Secara terminologispun banyak dijumpai definisi yang berbeda-beda, yang oleh Syekh Yusuf al-Rifa’i[6] dianalisa mencapai lebih kurang dua ribu definisi[7] dan yang paling simpel menurutnya adalah definisi tasawuf yang dibuat oleh Ibn ‘Ajibah[8], yaitu:
صدق التوجه الى الله بما يرضاه و من حيث يرضاه
“Kesungguhan tawajjuh (ibadah) kepada Allah dengan melaksanakan apa-apa yang diridloi-Nya sesuai dengan apa yang diridloi-Nya (diingini-Nya)”

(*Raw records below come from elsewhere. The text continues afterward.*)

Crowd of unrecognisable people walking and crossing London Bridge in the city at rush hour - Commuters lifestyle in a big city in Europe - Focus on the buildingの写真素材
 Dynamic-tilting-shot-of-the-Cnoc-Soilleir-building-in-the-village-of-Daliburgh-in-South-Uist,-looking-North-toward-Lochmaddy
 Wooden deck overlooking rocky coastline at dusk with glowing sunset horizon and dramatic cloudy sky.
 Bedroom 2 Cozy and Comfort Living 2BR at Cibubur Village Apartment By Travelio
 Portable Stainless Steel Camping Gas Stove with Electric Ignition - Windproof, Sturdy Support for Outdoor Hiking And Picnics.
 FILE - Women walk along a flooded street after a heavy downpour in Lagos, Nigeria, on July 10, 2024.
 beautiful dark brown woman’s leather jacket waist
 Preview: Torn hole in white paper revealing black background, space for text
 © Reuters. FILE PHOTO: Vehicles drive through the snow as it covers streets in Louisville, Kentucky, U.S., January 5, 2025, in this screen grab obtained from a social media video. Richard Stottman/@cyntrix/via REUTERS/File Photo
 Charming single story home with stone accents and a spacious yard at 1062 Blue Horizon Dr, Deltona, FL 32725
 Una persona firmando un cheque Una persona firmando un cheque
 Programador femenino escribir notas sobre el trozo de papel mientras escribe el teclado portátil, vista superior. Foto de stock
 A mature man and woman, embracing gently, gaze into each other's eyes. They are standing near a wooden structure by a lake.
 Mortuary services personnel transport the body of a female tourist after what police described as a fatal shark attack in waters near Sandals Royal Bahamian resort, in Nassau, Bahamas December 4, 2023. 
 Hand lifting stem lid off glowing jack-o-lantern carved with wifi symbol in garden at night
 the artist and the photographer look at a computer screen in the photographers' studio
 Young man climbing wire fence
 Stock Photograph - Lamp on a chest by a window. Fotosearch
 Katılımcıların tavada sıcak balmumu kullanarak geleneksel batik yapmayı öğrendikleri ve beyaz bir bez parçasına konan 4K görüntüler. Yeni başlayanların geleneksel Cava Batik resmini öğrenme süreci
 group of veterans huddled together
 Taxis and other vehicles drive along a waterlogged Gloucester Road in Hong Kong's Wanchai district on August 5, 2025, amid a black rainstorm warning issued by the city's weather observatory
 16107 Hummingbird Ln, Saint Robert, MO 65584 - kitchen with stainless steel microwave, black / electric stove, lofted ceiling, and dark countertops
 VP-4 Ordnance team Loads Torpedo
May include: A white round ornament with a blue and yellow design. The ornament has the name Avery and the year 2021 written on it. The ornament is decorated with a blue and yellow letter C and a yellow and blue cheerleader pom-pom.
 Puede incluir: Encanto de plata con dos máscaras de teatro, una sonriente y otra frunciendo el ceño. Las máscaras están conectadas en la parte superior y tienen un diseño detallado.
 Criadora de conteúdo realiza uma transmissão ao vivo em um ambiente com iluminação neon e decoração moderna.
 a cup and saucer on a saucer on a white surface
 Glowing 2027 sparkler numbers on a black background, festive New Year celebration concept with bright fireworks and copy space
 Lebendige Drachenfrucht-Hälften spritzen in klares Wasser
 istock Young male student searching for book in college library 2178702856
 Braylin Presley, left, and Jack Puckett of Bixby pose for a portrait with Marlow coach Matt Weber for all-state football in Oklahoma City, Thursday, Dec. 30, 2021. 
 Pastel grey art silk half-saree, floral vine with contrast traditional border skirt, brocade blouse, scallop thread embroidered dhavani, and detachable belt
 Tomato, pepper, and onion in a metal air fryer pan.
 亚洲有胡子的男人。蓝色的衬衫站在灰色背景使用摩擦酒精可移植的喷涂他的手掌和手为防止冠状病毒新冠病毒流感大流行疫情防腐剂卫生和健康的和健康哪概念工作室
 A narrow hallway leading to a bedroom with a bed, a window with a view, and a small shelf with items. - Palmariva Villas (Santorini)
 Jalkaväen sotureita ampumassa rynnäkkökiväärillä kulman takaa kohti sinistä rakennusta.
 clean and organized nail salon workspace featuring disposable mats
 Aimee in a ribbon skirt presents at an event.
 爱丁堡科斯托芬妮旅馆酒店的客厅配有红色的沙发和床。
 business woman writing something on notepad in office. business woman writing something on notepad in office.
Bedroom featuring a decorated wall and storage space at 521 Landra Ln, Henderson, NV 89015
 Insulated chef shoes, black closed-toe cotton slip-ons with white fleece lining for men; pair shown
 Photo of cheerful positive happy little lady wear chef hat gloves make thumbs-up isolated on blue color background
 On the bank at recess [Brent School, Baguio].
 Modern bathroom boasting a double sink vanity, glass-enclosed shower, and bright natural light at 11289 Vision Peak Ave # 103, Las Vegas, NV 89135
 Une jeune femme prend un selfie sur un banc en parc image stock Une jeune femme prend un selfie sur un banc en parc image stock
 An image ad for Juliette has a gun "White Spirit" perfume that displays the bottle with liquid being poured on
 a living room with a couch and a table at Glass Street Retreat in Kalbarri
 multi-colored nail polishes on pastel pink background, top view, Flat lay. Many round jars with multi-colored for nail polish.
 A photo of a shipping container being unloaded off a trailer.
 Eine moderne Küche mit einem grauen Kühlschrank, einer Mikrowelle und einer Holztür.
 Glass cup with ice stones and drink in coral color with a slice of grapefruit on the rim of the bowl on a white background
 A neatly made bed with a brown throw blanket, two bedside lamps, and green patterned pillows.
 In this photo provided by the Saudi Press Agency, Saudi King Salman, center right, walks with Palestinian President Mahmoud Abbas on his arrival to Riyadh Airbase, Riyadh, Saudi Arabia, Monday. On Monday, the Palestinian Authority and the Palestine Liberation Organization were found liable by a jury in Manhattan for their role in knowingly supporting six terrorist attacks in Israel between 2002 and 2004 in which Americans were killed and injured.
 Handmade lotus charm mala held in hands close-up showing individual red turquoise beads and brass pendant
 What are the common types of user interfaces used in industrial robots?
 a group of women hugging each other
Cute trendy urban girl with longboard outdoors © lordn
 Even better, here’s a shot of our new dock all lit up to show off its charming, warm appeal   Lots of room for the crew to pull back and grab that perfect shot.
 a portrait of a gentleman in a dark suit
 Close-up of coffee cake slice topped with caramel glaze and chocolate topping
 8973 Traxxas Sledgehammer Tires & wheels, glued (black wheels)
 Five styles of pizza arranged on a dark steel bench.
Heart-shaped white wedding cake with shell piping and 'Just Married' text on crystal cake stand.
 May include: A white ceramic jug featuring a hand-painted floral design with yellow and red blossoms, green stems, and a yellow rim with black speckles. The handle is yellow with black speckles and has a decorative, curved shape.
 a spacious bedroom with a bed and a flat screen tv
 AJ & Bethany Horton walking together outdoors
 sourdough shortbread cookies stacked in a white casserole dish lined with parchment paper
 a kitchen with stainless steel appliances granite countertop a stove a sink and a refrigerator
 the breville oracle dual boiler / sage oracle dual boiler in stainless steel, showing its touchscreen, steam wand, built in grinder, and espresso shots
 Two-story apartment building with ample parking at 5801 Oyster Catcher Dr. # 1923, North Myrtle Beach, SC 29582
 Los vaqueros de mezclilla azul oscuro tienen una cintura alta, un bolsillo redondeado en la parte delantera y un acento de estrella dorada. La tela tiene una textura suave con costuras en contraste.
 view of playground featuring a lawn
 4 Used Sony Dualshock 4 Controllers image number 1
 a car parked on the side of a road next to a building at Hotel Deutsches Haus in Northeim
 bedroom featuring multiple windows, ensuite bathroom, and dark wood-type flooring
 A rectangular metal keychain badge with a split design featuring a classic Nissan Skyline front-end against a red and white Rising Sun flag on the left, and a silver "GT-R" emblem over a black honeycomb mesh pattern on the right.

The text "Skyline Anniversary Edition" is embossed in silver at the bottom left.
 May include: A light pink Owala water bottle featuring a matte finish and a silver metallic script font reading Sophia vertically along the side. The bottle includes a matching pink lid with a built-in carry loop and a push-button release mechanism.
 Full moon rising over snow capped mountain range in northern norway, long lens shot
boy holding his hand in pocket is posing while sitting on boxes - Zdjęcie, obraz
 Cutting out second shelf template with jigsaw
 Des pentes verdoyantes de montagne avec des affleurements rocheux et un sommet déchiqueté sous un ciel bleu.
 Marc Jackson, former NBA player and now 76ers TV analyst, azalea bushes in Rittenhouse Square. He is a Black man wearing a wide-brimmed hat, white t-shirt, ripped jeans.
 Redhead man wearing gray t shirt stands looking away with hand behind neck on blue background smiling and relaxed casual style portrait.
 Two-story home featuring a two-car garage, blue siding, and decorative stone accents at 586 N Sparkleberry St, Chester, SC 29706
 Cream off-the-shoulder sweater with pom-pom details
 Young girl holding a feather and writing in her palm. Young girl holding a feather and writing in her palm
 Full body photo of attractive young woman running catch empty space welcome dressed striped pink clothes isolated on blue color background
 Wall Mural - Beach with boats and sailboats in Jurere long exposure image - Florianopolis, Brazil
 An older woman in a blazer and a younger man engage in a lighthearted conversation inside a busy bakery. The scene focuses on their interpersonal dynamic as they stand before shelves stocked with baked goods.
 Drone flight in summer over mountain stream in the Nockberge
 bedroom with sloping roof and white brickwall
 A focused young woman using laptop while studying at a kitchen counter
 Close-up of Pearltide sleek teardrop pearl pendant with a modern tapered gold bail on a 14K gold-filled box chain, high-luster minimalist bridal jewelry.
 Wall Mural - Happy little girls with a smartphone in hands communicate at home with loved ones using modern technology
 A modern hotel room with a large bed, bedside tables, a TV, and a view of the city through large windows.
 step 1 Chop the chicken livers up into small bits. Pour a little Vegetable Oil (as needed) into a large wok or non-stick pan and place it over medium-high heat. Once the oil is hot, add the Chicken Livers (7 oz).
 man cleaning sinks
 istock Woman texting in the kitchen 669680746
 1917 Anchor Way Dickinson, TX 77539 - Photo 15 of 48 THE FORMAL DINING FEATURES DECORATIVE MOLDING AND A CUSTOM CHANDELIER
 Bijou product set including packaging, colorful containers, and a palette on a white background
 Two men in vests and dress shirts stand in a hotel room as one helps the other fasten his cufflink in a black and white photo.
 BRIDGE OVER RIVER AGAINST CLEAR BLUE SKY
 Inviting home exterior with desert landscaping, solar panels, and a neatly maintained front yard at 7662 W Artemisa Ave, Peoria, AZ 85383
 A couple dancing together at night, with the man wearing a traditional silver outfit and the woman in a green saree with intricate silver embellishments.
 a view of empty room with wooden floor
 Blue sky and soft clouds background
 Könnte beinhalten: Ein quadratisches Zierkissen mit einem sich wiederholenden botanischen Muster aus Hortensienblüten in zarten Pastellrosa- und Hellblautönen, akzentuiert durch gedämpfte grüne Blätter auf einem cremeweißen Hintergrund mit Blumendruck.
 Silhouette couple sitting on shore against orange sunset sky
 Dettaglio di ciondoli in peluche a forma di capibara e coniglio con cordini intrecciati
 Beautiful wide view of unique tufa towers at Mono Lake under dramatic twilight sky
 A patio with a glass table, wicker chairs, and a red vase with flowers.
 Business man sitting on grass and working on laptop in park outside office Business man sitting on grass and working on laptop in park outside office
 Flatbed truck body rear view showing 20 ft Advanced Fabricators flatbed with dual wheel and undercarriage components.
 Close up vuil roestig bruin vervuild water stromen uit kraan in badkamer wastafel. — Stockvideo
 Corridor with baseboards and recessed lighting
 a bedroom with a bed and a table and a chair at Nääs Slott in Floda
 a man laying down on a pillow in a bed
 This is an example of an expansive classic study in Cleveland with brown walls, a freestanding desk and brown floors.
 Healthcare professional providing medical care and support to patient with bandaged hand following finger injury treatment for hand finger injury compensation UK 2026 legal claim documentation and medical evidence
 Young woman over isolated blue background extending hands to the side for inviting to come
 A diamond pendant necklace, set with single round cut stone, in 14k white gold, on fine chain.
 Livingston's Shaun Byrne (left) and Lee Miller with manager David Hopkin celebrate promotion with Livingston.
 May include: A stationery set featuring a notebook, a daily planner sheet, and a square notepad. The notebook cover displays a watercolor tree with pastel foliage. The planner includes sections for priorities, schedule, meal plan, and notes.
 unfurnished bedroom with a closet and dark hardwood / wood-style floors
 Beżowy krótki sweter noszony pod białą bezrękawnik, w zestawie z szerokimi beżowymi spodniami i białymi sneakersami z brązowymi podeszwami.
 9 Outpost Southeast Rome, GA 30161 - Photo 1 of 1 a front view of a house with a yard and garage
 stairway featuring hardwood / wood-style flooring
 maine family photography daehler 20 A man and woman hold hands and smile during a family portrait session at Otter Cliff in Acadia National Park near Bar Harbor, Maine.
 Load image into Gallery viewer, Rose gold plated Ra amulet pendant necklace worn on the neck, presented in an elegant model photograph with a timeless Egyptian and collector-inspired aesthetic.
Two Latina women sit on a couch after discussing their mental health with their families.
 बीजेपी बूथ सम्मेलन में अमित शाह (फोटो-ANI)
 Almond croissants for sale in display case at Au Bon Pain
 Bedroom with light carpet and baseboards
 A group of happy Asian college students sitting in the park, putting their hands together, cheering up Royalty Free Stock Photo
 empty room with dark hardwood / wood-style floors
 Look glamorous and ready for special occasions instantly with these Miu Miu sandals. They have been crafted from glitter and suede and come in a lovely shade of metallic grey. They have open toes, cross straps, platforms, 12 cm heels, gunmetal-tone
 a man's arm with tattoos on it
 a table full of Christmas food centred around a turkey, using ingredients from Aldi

Al-Qonuji mendefinisikan tasawuf dengan;
علم يعرف به كيفية ترقي أهل الكمال من النوع الإنساني في مدارج سعادتهم والأمور العارضة لهم في درجاتهم بقدر الطاقة البشرية [9]
“Sebuah ilmu yang mempelajari bagaimana meningkatkan derajat kesempurnaan sebagai manusia dalam tingkatan-tingkatan kebahagiaan dan persoalan-persoalan yang menghadang (ujian) dalam upaya meningkatan derajat tersebut sesuai dengan kemampuan manusia.”
Dari sekian definisi yang ada dapat dikatakan, bahwa tasawuf adalah moralitas Islam yang pembinaannya melalui proses tertentu (mujahadah dan riyadlah) dengan tetap berpegang teguh pada syariat Islam.
2. Kedudukan Tasawuf dalam Ajaran Islam.
Dan sufisme adalah bagian dari syari’ah Islamiyah, yakni wujud dari Ihsan, salah satu dari tiga kerangka ajaran Islam. Dua sebelumnya ialah Iman dan Islam. Oleh karena itu perilaku sufi harus tetap berada dalam kerangka syari’ah Islam. al-Qusyairi mengatakan: “Seandainya kamu melihat seseorang yang diberi kemampuan khusus (keramat), sehingga ia bisa terbang di angkasa, maka jangan terburu tergiur padanya, sehingga kamu melihat bagaimana dia menjalankan perintah, meninggalkan larangan menjaga hukum yang ada.”[10]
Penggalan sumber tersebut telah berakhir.